Prompt =
Would you give the listing again exactly as written, minus its pictures?

____ Data excerpts

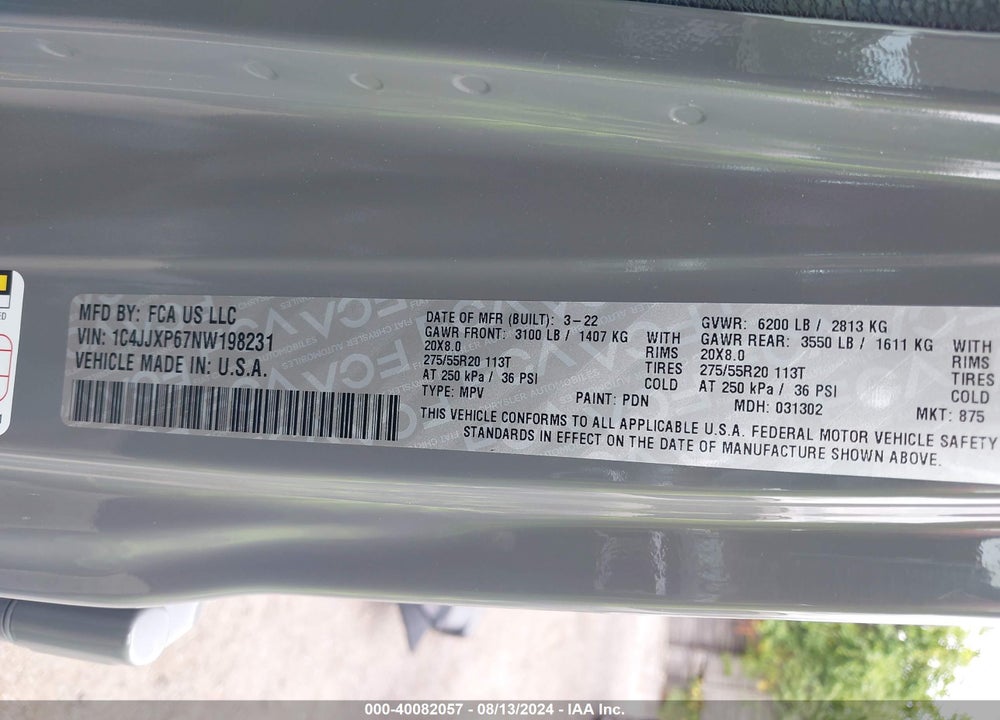 2022 JEEP WRANGLER 4XE UNLIMITED SAHARA 4X4 VIN: 1C4JJXP67NW198231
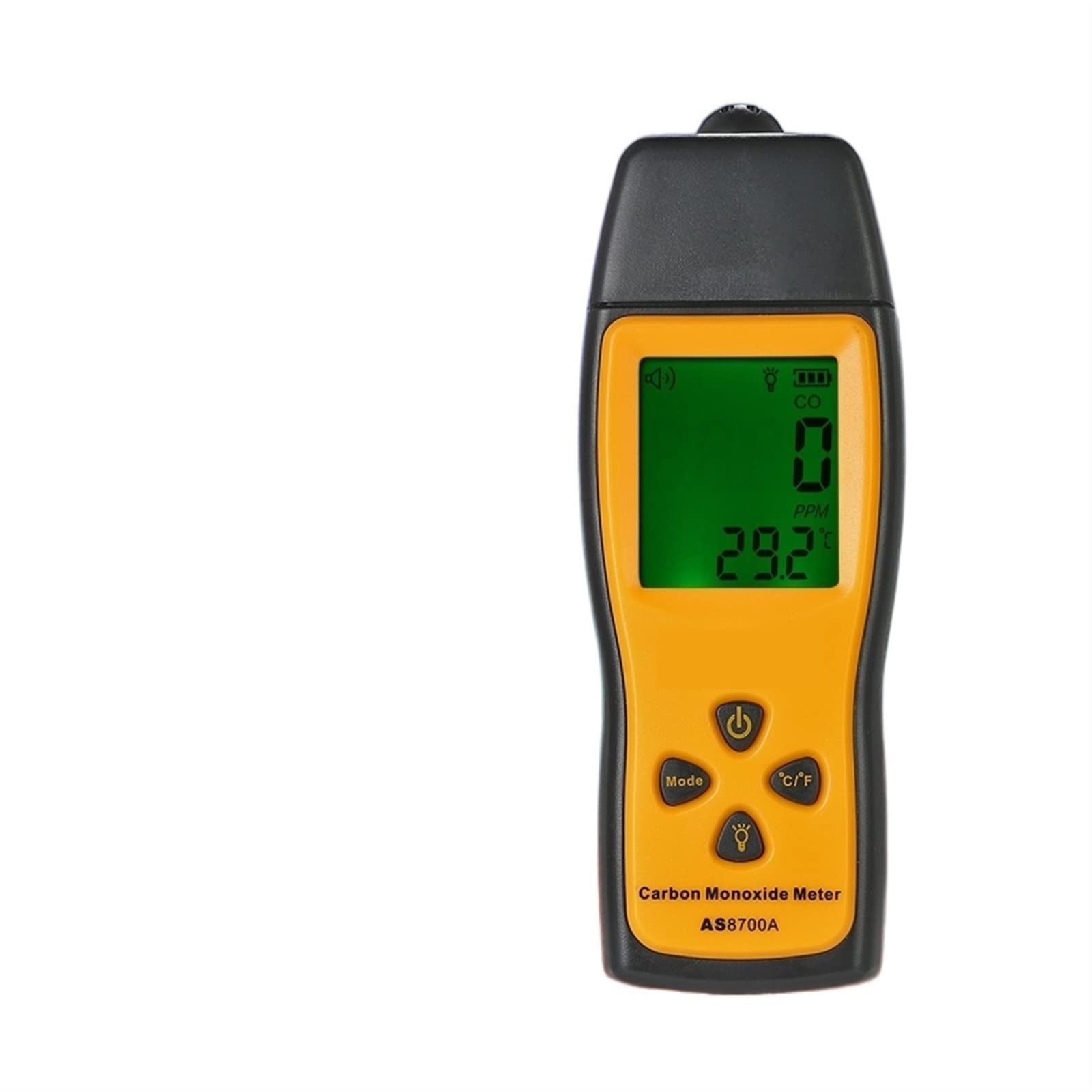 Gasdetektor, Tragbares Kohlenmonoxid-Messgerät, CO-Gastester, Monitor-Detektor, LCD-Display, Ton- und Lichtalarm, 0–1000 ppm
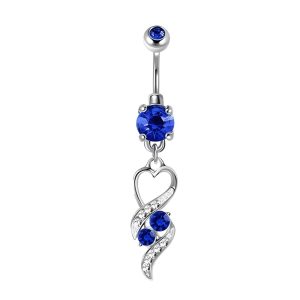 Обица за пъп "Blue Crystal Heart"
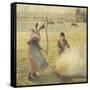 Young Peasant Fire, Frost, or the Burning of Fields-Camille Pissarro-Framed Stretched Canvas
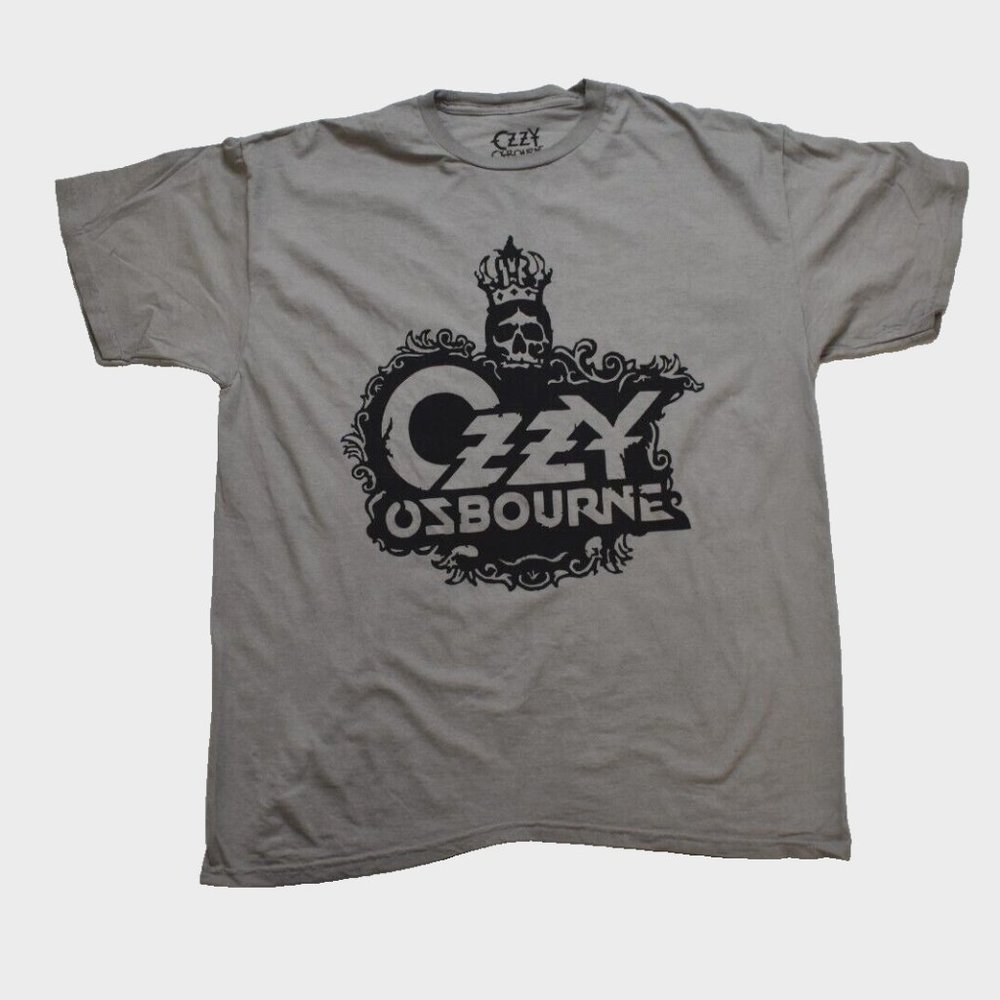 Ozzy Osbourne Mens Ozzy Osbourne Crown Skull Logo Gray Shirt New Medium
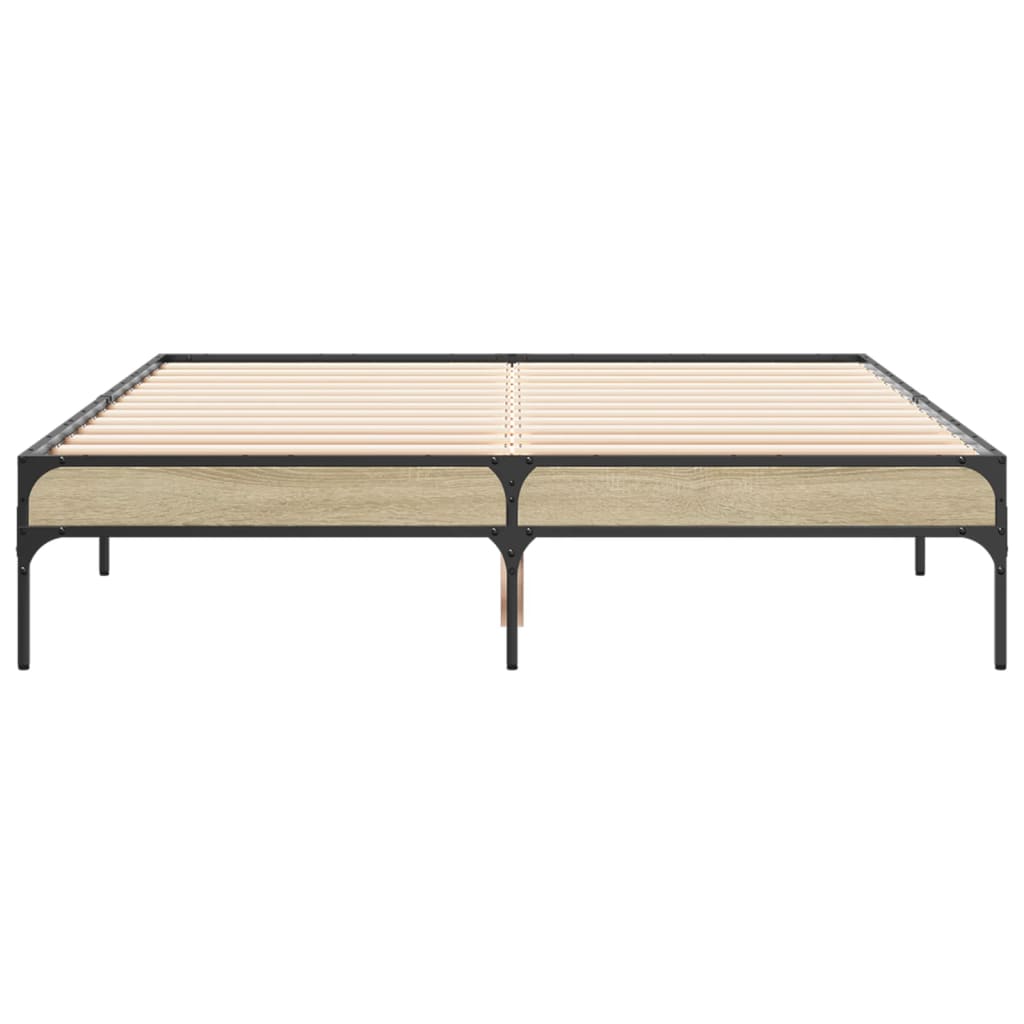 Bedframe Bewerkt Hout Metaal Kleurig Sonoma Eiken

________

Response for this exercise =
 2022 JEEP WRANGLER 4XE UNLIMITED SAHARA 4X4 VIN: 1C4JJXP67NW198231
 Gasdetektor, Tragbares Kohlenmonoxid-Messgerät, CO-Gastester, Monitor-Detektor, LCD-Display, Ton- und Lichtalarm, 0–1000 ppm
 Обица за пъп "Blue Crystal Heart"
 Young Peasant Fire, Frost, or the Burning of Fields-Camille Pissarro-Framed Stretched Canvas
 Ozzy Osbourne Mens Ozzy Osbourne Crown Skull Logo Gray Shirt New Medium
 Bedframe Bewerkt Hout Metaal Kleurig Sonoma Eiken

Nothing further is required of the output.